The organizers energetically welcomed us with more enthusiasm than we could imagine on a Saturday morning, full of high fives in response to “Bryn Mawr” and Philly language that felt like home (“Ard bet!”) The conference programming was found on an app named Guidebook that we were all encouraged to download; on it were listed all of the workshops (with descriptions!), locations and times so that we were able to choose & customize our own engaging experience. It was pretty cool and really helpful when I needed to refresh myself on what was available to me. They gave us these neat bags with everything we might need for the conference, and we headed inside the main room for light breakfast, jars of pins reading from pronouns, to identities, to promises for allyship, and eventually welcoming remarks made by Temple alum and Pennsylvania State Representative Malcolm Kenyatta.
I made note of the things he said that I found most interesting. Malcolm emphasized to us that diversity and inclusion were not enough; instead, he expressed, we should move towards making our work about diversity & invitation. He said something that really resonated with this: that “everyone wants to talk about bringing different people to the table until they have to give up their seat.” In his words, we “gotta unplug the whole game.” Malcolm told us that it’s not our responsibility to change the whole problem; but for that reason we can each make change within our own spheres of influence. Our friendships, intimate relationships, families, our circles are all, to an extent, within our ability to change and act, something easy to forget but sometimes comforting to remember. The spirit of “Random Acts of Inclusion!”

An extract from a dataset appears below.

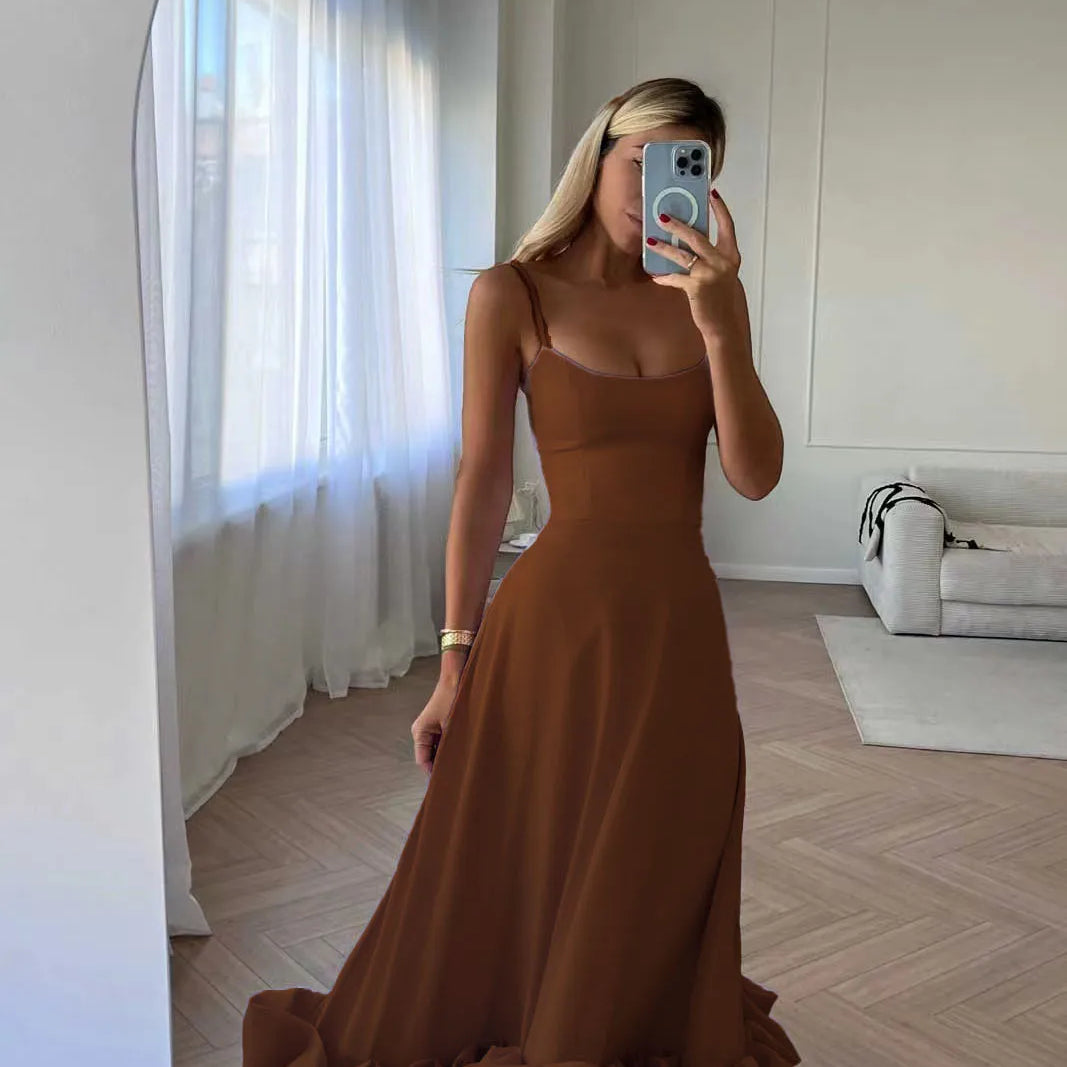 Bridal Luxury Evening Dresse Slim Fit Slash Neck A-LINE Sleeveless Ankle-Length Solid Chiffon Dress Women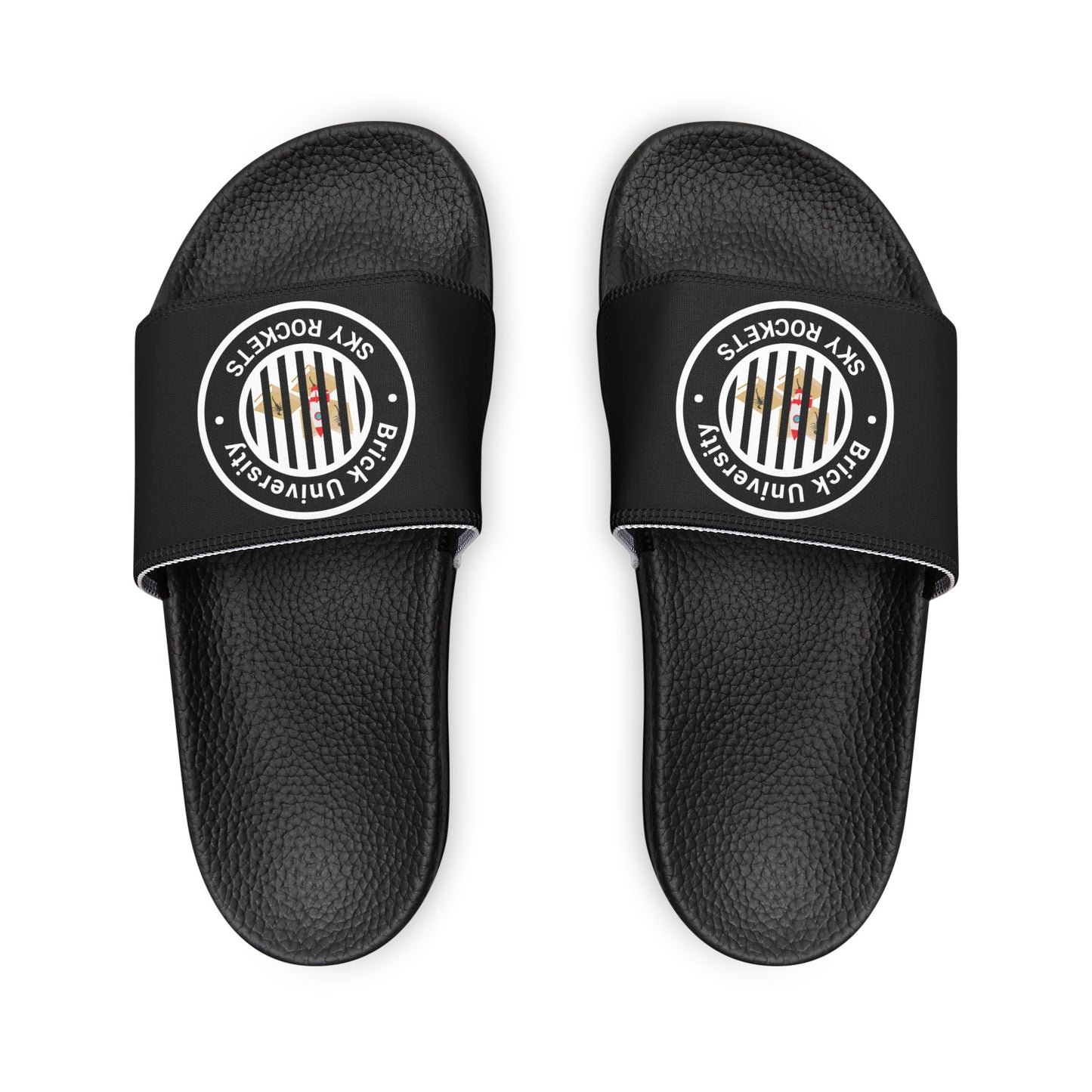 Brick University (Black Behind Bars) - Slide Sandals — Removable‑Strap Slides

Of the workshops I attended, many of them orbited around the idea of how our language can operate towards change. We learned tips for making our everyday language reflect the values we hold towards openness and inclusion, how to make conversations more accessible, and how to channel that into uncomfortable or difficult topics. I found it heartening to see how some facilitators put those things into practice; one of them underlined that although he was presenting his work to us, if something was unclear it was because he wasn’t clear. He was always open to the addition of things he may have missed. People were able to bring their hard experiences into the space and be thanked/applauded for their vulnerability.
My favorite workshop of the day however was named “Navigating Access in the Performing Arts,” that featured a panel of local performing artists or behind-the-scenes organizers of places created for marginalized communities, such as the Project Coordinator advocating for inclusion of artists with disabilities and the Event Coordinator for Philadelphia’s Asian Arts Initiative. The panel was made up of mostly women of color, of which the majority were black. They each brought an individual perspective of how their organizations talk about access, as well as how they’ve navigated access to the arts in their own professional experience.
We named various kinds of access, from economic access and elitism in the realm of performance art to physical space and the audience’s comfortability in it. Each organization thought through how they could include things like sliding scales for cost, language access for non-English speakers and ASL or closed-captioning resources for folks who are hard of hearing, making performances sensory-friendly and physically accessible in different communal spaces, and more. Here we talked about the small pros of having your language & your work reflect your values; Melody Wong recommended asking the simple question of “Why do we do it that way here? Why don’t we do it this way?”
One moment that I loved was when Ang Bey, a black non-binary performer recalled experiences of making a production they were on more inclusive for various gender identities. The production of Twelfth Night was held in West Philly’s Clark Park & made open and free for people to attend. They remembered that as an empowering communal moment.
The conference ended at 3 p.m. and the eight of us met briefly before heading our separate ways. Alma Sterling ’21, Hannah Chinn ’19 and I made a detour to Chinatown to enjoy our free fare to the city and the winter sunshine, taking boba and sweet buns for the road.